--- TASK INPUTS ---
+++
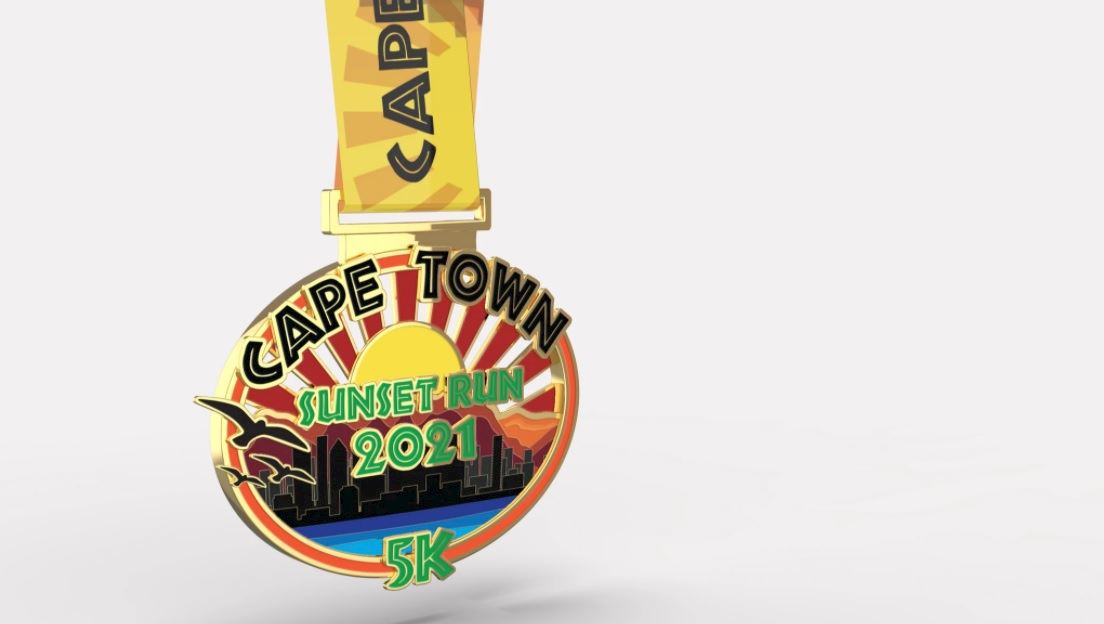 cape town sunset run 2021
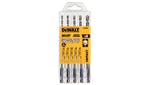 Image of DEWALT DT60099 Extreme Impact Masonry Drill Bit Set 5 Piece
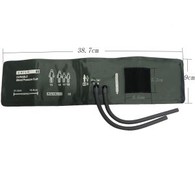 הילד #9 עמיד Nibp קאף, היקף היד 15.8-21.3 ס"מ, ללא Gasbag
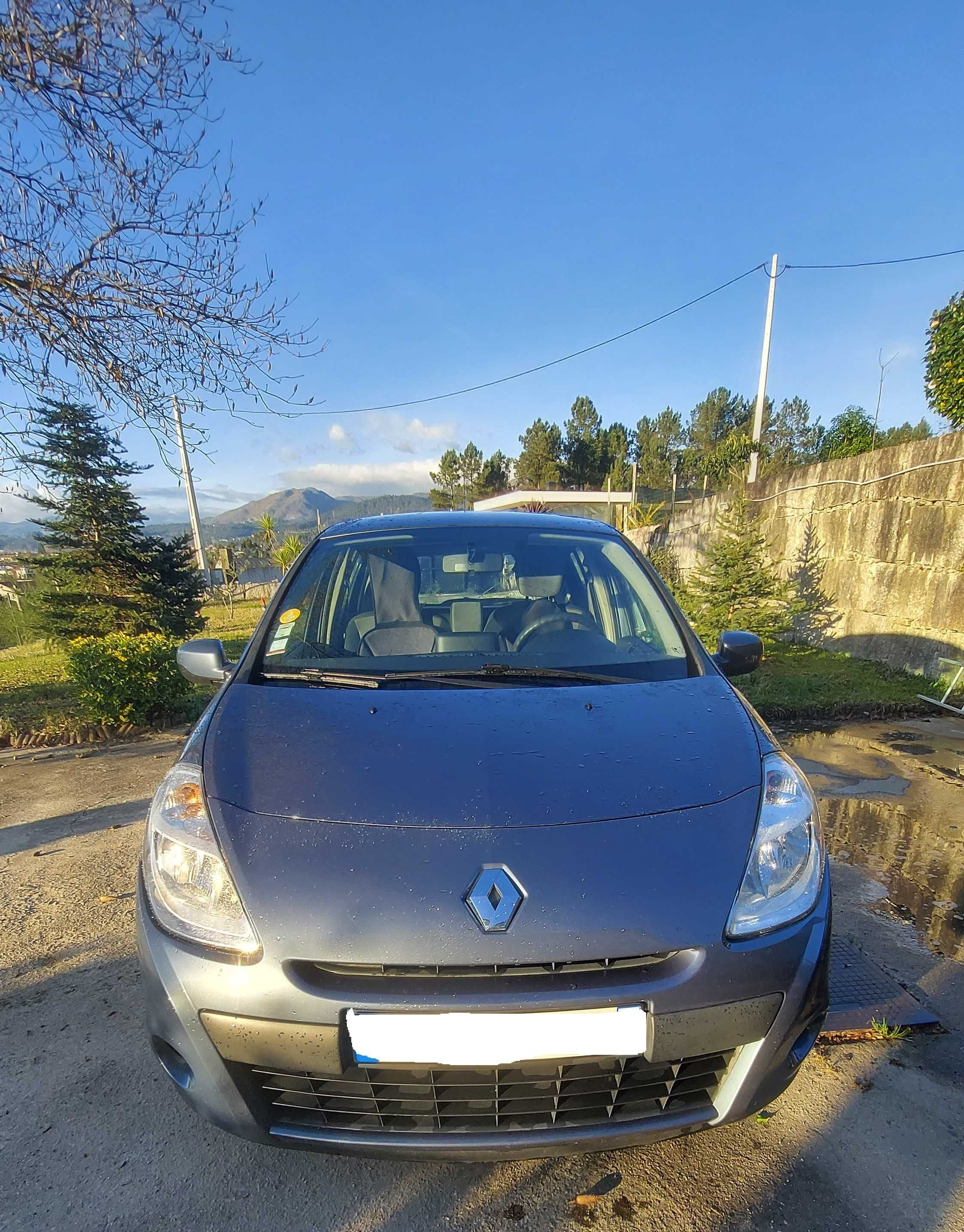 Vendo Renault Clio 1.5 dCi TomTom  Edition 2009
+++
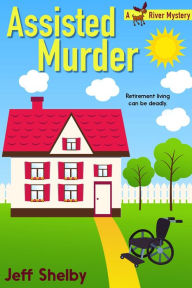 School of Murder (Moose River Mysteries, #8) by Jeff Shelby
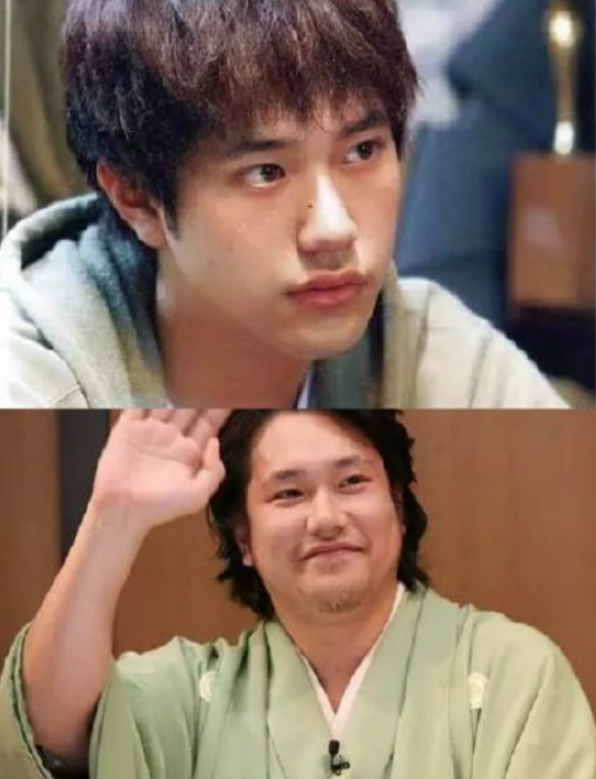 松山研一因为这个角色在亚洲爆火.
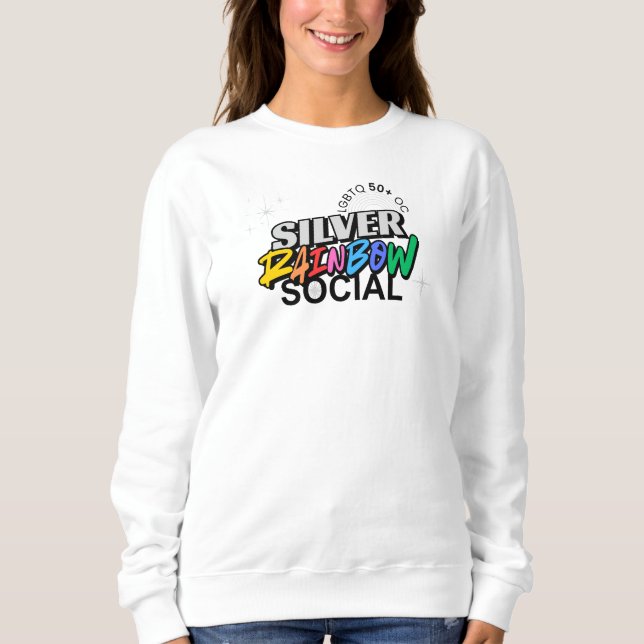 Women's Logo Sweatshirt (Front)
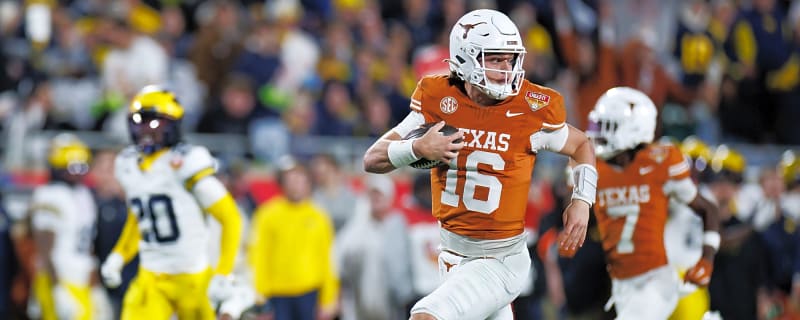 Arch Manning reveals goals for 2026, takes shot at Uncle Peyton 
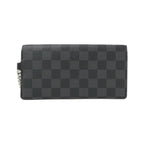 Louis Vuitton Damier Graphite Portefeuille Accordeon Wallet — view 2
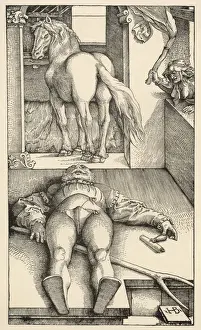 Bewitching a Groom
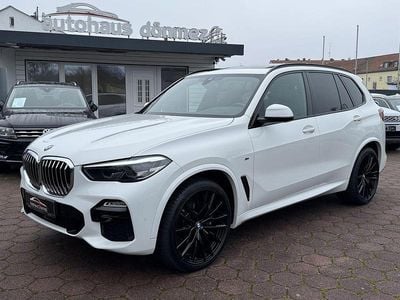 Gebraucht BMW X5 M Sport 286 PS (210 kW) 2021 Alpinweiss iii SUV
+++
--- TASK INSTRUCTIONS ---
Return, exactly as they stand, the lines above from the one with "Women's Logo Sweatshirt (Front)" to the one with "Gebraucht BMW X5", omitting any pictures among them.

--- RESPONSE ---
 Women's Logo Sweatshirt (Front)
 Arch Manning reveals goals for 2026, takes shot at Uncle Peyton 
 Louis Vuitton Damier Graphite Portefeuille Accordeon Wallet — view 2
 Bewitching a Groom
 Gebraucht BMW X5 M Sport 286 PS (210 kW) 2021 Alpinweiss iii SUV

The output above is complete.